右側の ③編集 ボタンから環境変数を登録していきます。
2つの環境変数を登録します。
キー | 値 |
---|---|
SLACK_WEBHOOK_URL | コピーしたSlackのWebhookURL |
KINTONE_APP_URL | kintoneアプリのURL |
ここに登録することで、コード上で process.env.環境変数キー
で呼び出すことができます。
const url = process.env.SLACK_WEBHOOK_URL;
const kintone_app_url = process.env.KINTONE_APP_URL;
5. AWS APIGateway設定
Lambdaのトリガー追加からAPIGatewayを登録していきます。
新規API作成 > REST APIを選択します。
セキュリティはオープンを選び、右下の追加ボタンをクリックしてトリガーを登録します。
ここまでで、API Gatewayの大枠の設定が完了しました。
ここからは、さらにエンドポイントの詳細を設定していきます。
メソッドANYを削除する
今回はHTTPメソッドPOSTのみ使用するため、デフォルトのANYメソッドは削除しておきます。
POSTメソッドを作成する
アクションボタンから、メソッドを作成します。POSTメソッドを作成したら、呼び出したいLanbda関数を設定しておきましょう。
APIのデプロイ
アクションボタンからAPIのデプロイを選択します。
デプロイしたいステージは、適当な名前をつけてデプロイしましょう。
(例: 本番用ならprod, ステージング用ならstgなど)
画像の①と②を合わせたURLをkintone Webhook URLに登録する
6. kintone WebhookにURL登録
デプロイしたAPIGatewaymのURLをkintoneのWebhookに登録します。

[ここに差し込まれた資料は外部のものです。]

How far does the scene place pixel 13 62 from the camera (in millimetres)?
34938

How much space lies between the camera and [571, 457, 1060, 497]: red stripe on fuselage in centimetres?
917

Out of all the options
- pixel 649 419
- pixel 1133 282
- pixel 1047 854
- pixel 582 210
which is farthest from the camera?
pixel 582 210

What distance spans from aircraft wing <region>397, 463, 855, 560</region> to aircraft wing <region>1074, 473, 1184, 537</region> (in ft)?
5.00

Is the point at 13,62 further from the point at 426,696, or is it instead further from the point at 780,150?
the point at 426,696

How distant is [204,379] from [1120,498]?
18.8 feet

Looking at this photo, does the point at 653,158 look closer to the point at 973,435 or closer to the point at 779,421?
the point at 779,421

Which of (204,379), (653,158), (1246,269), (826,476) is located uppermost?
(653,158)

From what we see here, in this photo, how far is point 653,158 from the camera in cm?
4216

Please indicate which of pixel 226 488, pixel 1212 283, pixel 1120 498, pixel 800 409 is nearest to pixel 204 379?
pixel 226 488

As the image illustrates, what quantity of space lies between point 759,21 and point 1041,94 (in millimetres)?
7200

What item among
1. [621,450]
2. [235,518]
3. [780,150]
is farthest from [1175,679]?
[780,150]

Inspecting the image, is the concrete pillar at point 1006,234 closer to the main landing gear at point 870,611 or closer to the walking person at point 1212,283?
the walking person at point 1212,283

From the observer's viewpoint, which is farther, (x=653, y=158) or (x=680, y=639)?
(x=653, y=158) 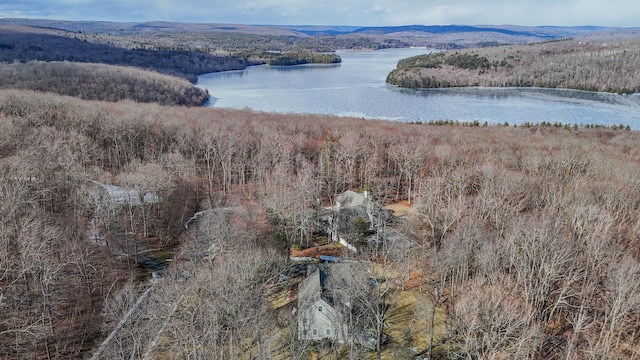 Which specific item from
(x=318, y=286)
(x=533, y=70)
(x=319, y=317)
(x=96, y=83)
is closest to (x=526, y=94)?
(x=533, y=70)

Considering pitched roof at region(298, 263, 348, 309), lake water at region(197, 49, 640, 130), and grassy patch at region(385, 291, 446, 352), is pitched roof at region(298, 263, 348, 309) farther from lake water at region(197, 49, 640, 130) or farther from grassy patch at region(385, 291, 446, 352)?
lake water at region(197, 49, 640, 130)

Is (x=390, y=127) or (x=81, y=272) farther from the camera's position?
(x=390, y=127)

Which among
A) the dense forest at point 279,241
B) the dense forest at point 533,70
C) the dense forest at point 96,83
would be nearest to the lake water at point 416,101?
the dense forest at point 533,70

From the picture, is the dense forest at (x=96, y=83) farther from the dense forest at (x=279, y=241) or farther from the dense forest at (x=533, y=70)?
the dense forest at (x=533, y=70)

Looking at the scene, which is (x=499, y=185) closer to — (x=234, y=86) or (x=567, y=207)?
(x=567, y=207)

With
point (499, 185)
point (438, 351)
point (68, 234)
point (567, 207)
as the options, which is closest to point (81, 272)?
point (68, 234)

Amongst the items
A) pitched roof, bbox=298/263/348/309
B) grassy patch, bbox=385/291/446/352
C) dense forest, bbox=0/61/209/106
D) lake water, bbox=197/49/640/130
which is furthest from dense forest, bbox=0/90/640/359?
lake water, bbox=197/49/640/130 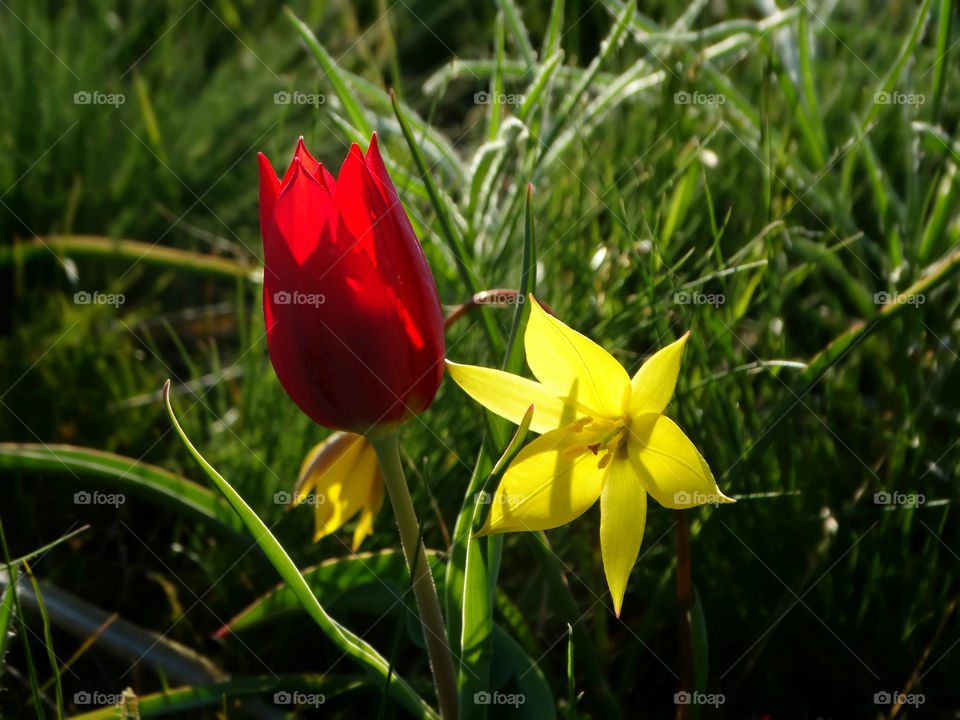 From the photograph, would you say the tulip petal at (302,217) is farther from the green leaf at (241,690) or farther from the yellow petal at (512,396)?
the green leaf at (241,690)

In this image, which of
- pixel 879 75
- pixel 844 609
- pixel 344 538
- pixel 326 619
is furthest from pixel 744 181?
pixel 326 619

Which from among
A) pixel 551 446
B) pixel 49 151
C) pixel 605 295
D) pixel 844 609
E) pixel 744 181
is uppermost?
pixel 49 151

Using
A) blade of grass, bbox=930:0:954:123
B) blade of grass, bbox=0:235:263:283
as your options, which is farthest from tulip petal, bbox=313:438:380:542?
blade of grass, bbox=930:0:954:123

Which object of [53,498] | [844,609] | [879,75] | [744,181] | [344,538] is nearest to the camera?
[844,609]

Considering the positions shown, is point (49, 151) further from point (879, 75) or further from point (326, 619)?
point (879, 75)

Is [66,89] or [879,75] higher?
[66,89]
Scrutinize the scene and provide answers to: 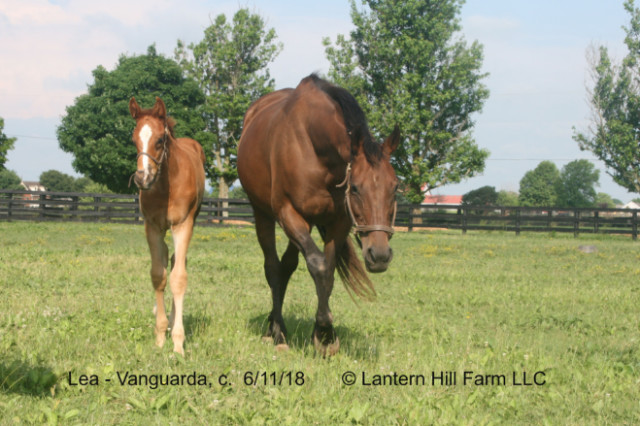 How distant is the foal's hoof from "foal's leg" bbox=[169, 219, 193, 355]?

Webhook URL: https://*******.amazonaws.com/デプロイしたステージ名/ディレクトリ名
7. 動作確認(kintoneに1件データを登録)
kintoneにレコードを1件登録してみましょう。
以下のように、Slackにメッセージが届きます。
設定は以上で終了です。お疲れ様でした🎉
うまくSlackに通知することができましたか。
もし通知が届いていない場合は、kintoneのWebhook URLに誤りがないか、
コードミスはないか確認してみて下さい。また、ご自身でデバッグする際のヒントを下記でご紹介します。
🚀 デバッグ
AWS Lambdaのデバッグ方法
Lambdaの実行ログは、対象のCloudWatchに書き出されています。
そのため、CloudWatchのログを確認しながらLambda上のコードをデバッグをします。
表示したいログ内容は、自身でLambdaのコードにconsole.log
を書いておきましょう。
対象のCloudWatch
①CloudWatch を表示し、②ロググループ の検索窓から確認したい ③Lambda関数 を検索します。
詳細画面のLog streamにLambdaの実行ログが記録されているため、
console.logを用いて、eventオブジェクトの中身等を確認してみてください。